▼▼▼
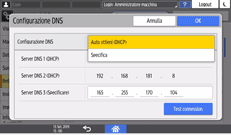 Illustrazione della schermata sul pannello di controllo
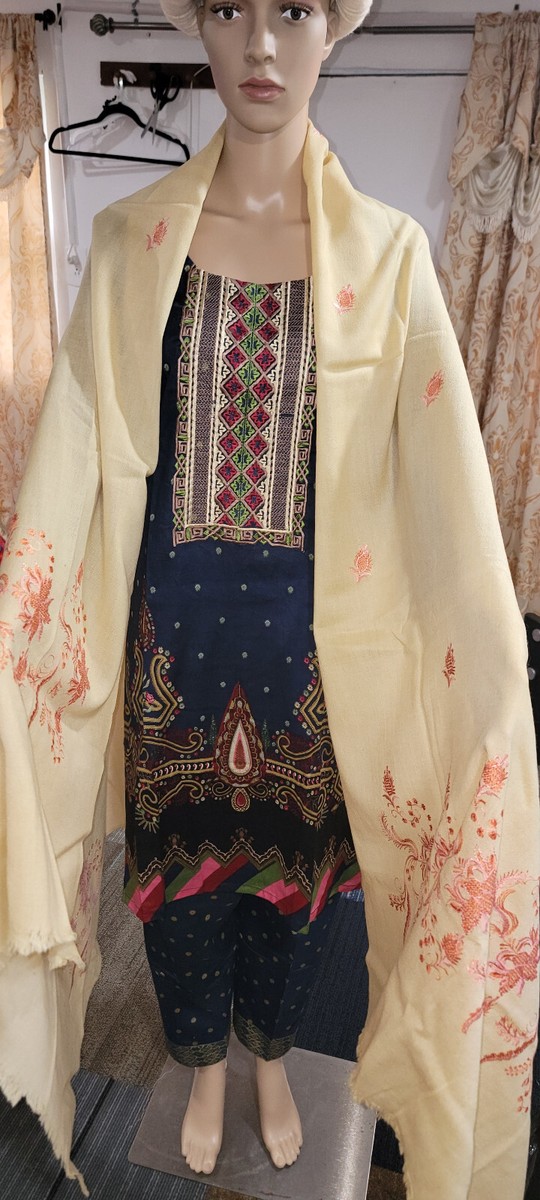 Pakistani Women Embroidery Shawl Scarf Warm Handmade Wool 100%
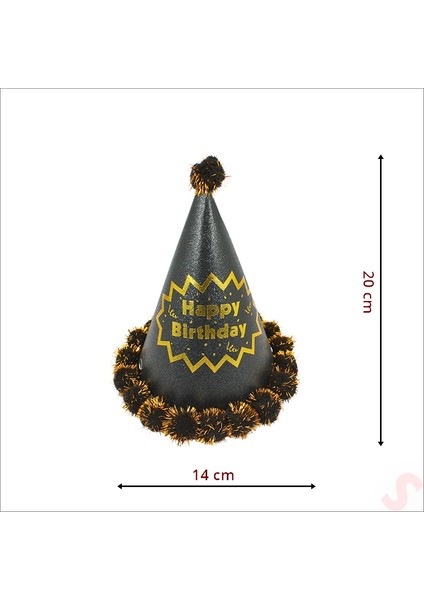 Ponponlu Happy Birthday Şapka, 20CM x 1 Adet - Siyah
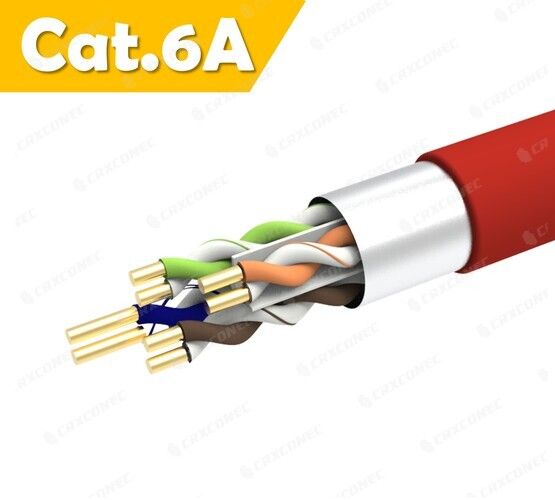 كابل LAN صلب CAT.6A 23AWG FTP أحمر PVC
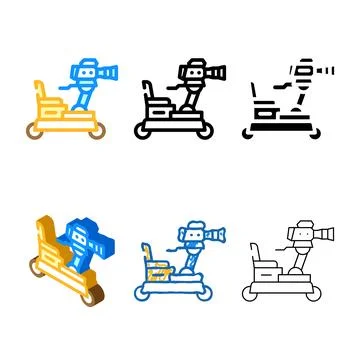 Pack operator cart with video camera color icon vector Stock Illustration
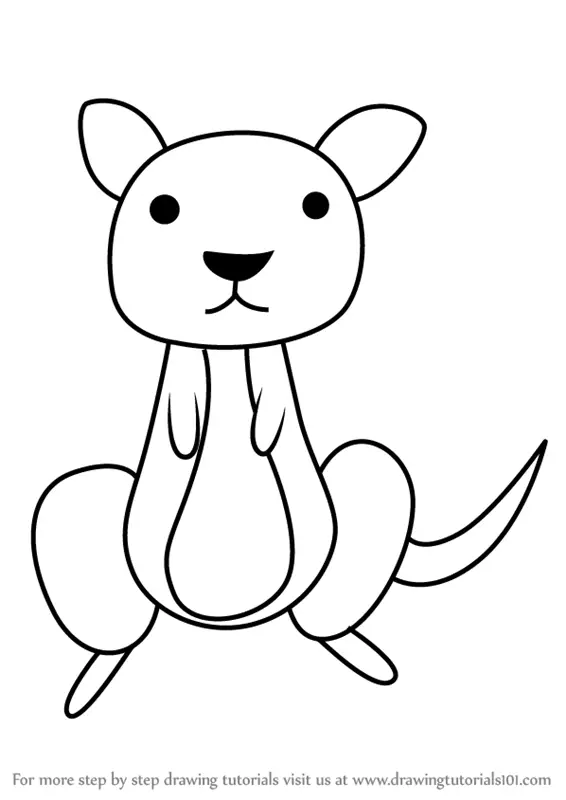 Learn How To Draw A Kangaroo For Kids Animals For Kids Step By Step Drawing Tutorials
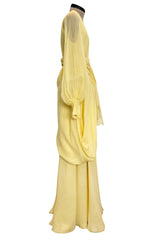 Exceptional 1970s George Stavropoulos Pale Yellow Bias Cut Silk Chiffon Caftan Dress w Attached Panel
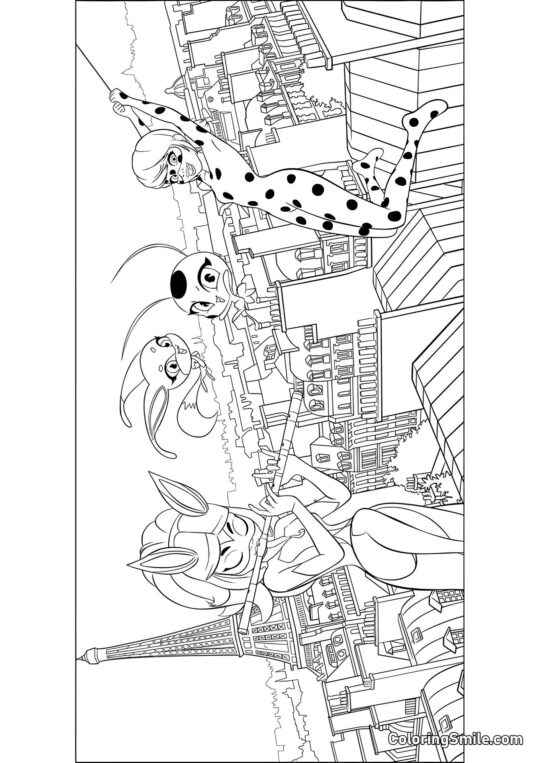 Coccinelle et Rena Rouge - Page de Coloriage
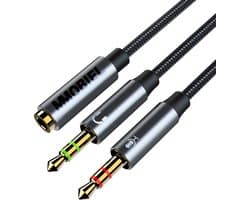 MMOBIEL Koptelefoon Splitter Adapter - 3,5mm Mic en Audio Y Splitter voor Computer - 3,5mm 1 Female naar 2 Male (Stereo en Microfoon) - Audio en Mic Splitter voor Hoofdtelefoon naar PC, Laptop - 30cm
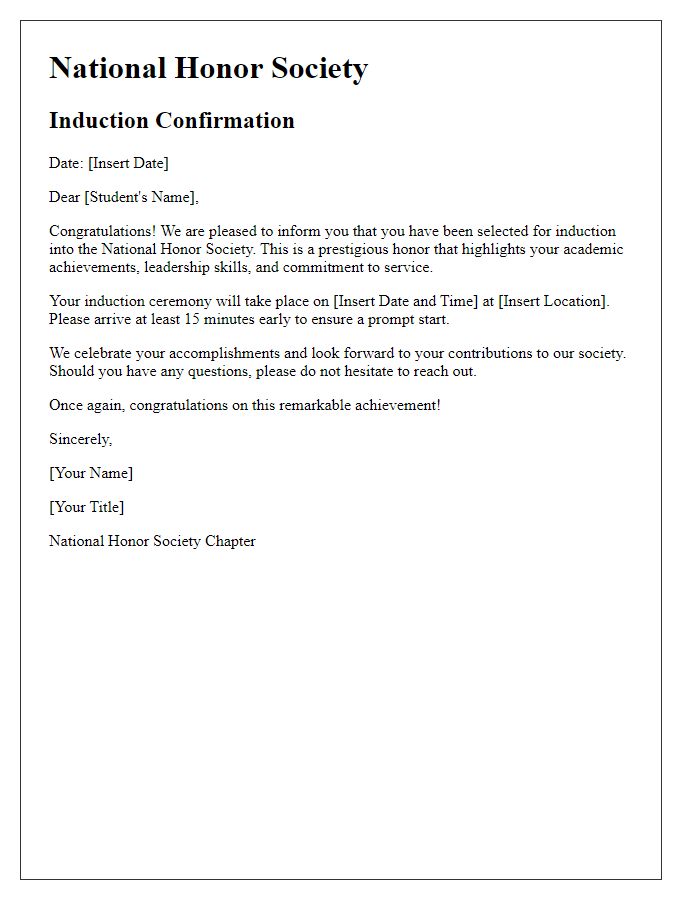 Letter template of National Honor Society Induction Confirmation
▲▲▲
Only the lines from the one with "Pack operator cart" through the final line of the data should be written out, exactly and including both ends. Skip the pictures.

[Task answer]
 Pack operator cart with video camera color icon vector Stock Illustration
 Learn How To Draw A Kangaroo For Kids Animals For Kids Step By Step Drawing Tutorials
 Exceptional 1970s George Stavropoulos Pale Yellow Bias Cut Silk Chiffon Caftan Dress w Attached Panel
 Coccinelle et Rena Rouge - Page de Coloriage
 MMOBIEL Koptelefoon Splitter Adapter - 3,5mm Mic en Audio Y Splitter voor Computer - 3,5mm 1 Female naar 2 Male (Stereo en Microfoon) - Audio en Mic Splitter voor Hoofdtelefoon naar PC, Laptop - 30cm
 Letter template of National Honor Society Induction Confirmation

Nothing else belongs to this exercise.